Heat is added to 0.77 kg of ice at -25 °C. How many kilocalories are required to change the ice to steam at 131 °C?
I don't even know where to begin with this
add the heat to heat the ice to 0C
Then the heat to melt the ice at 0C
then to heat the water from 0C t0 100C
then to convert the water to steam at 100C
then to heat the steam from 100C to 131C
add them all up.
To answer this question, you will need to calculate the amount of heat required to change the ice to water at 0 °C, then the heat required to change the water to steam at 100 °C, and finally the heat required to raise the temperature of the steam from 100 °C to 131 °C.
Let's break it down step by step:
Step 1: Heat required to change ice to water
- The heat required to change the state of a substance is given by the formula: Q = m * L, where Q is the heat, m is the mass, and L is the latent heat of fusion.
- For ice, the latent heat of fusion (L) is 334 kilojoules per kilogram (kJ/kg).
- First, convert the mass from kg to grams: 0.77 kg = 770 grams.
- The heat required to change the ice to water is: Q1 = m * L = 770 g * 334 kJ/kg = 257,380 kJ.
Step 2: Heat required to change water to steam
- The heat required to change water to steam is given by the formula: Q = m * L, where Q is the heat, m is the mass, and L is the latent heat of vaporization.
- For water, the latent heat of vaporization (L) is 2256 kilojoules per kilogram (kJ/kg).
- The mass of the water remains the same at 770 grams.
- The heat required to change the water to steam is: Q2 = m * L = 770 g * 2256 kJ/kg = 1,735,520 kJ.

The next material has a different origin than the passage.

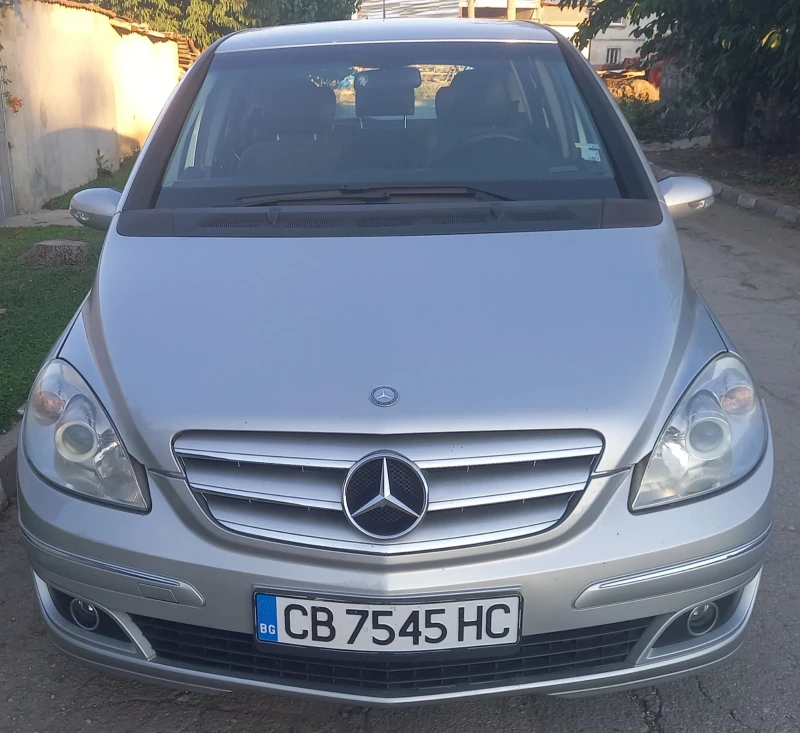 Mercedes-Benz B 200 2.0 CDI Navigaciq, снимка 2 - Автомобили и джипове - 48770149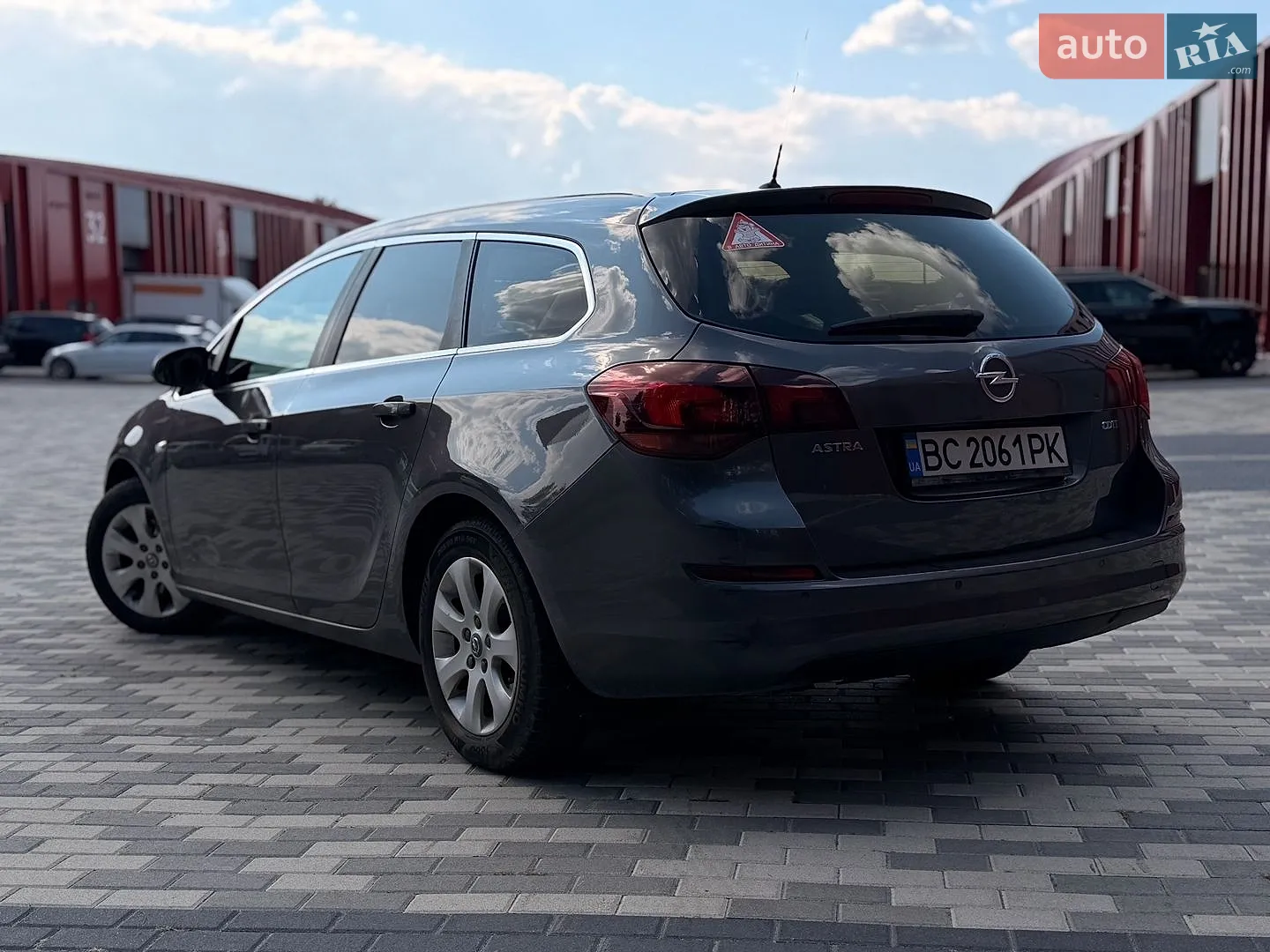 2011 Opel Astra - мініатюра 10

Step 3: Heat required to raise the temperature of the steam
- The heat required to raise the temperature of a substance is given by the formula: Q = m * c * ΔT, where Q is the heat, m is the mass, c is the specific heat capacity, and ΔT is the change in temperature.

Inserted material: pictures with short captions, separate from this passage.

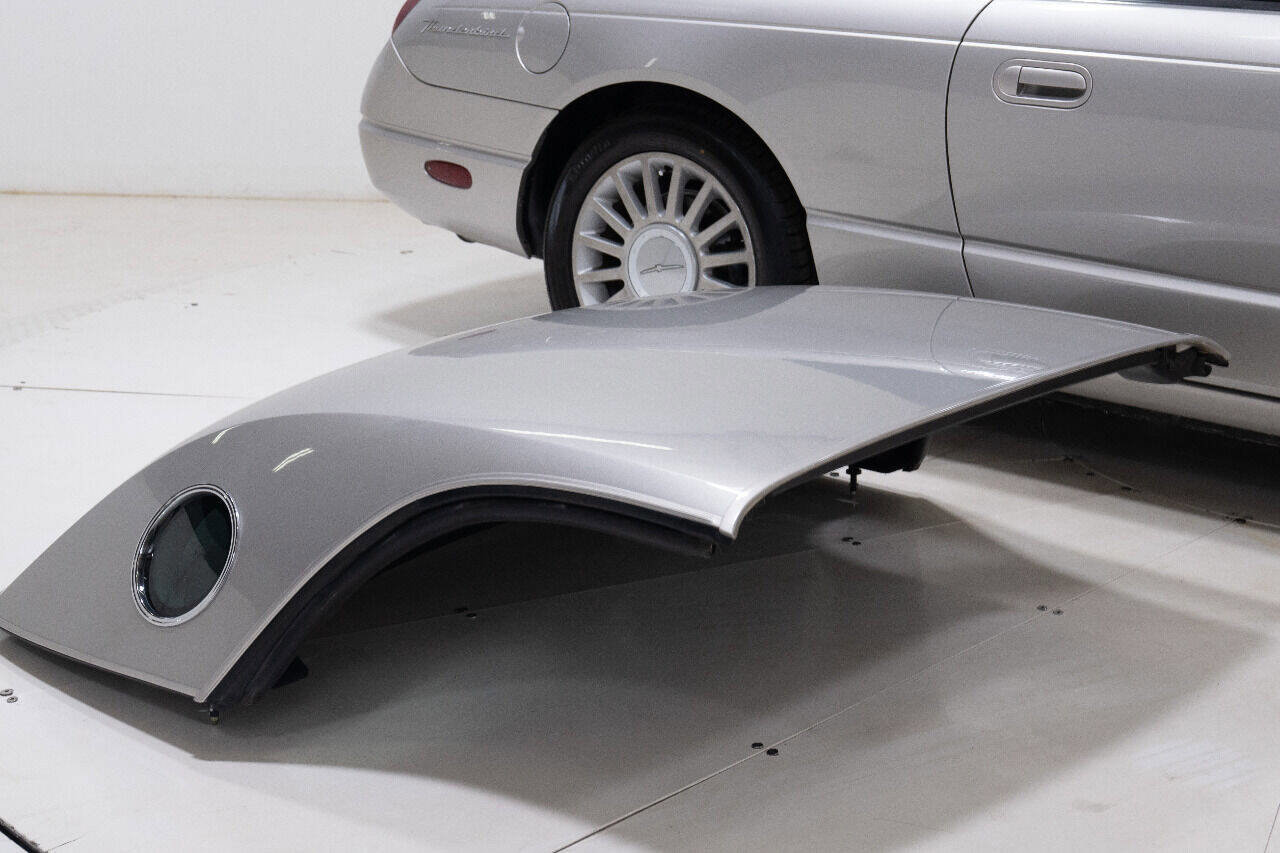 Used 2005 Ford Thunderbird Deluxe image 27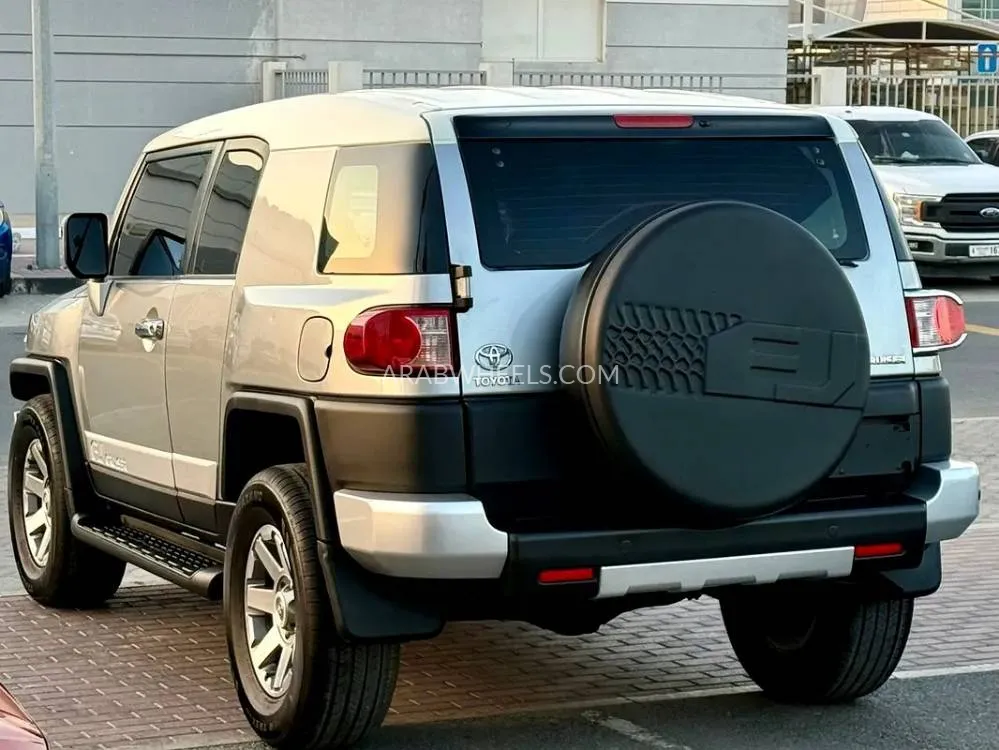 Toyota FJ Cruiser 2015 for Sale in Sharjah Image-14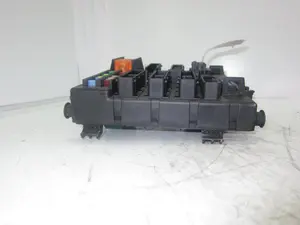 Foto de CAJA RELES / FUSIBLES OPEL VECTRA C BERLINA referencia 13205776 foto 14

- For water or steam, the specific heat capacity (c) is approximately 4.18 kilojoules per kilogram per degree Celsius (kJ/(kg·°C)).
- The mass of the steam remains the same at 770 grams.
- ΔT is the change in temperature, which is from 100 °C to 131 °C, so ΔT = 131 °C - 100 °C = 31 °C.
- The heat required to raise the temperature of the steam is: Q3 = m * c * ΔT = 770 g * 4.18 kJ/(kg·°C) * 31 °C = 98,446.6 kJ.
Finally, add up all three heats to find the total heat required:
Total heat = Q1 + Q2 + Q3 = 257,380 kJ + 1,735,520 kJ + 98,446.6 kJ.
Note that this answer is given in kilojoules, but if you want the answer in kilocalories, you can convert it by dividing by 4.18 (since 1 kilocalorie is equal to 4.18 kilojoules).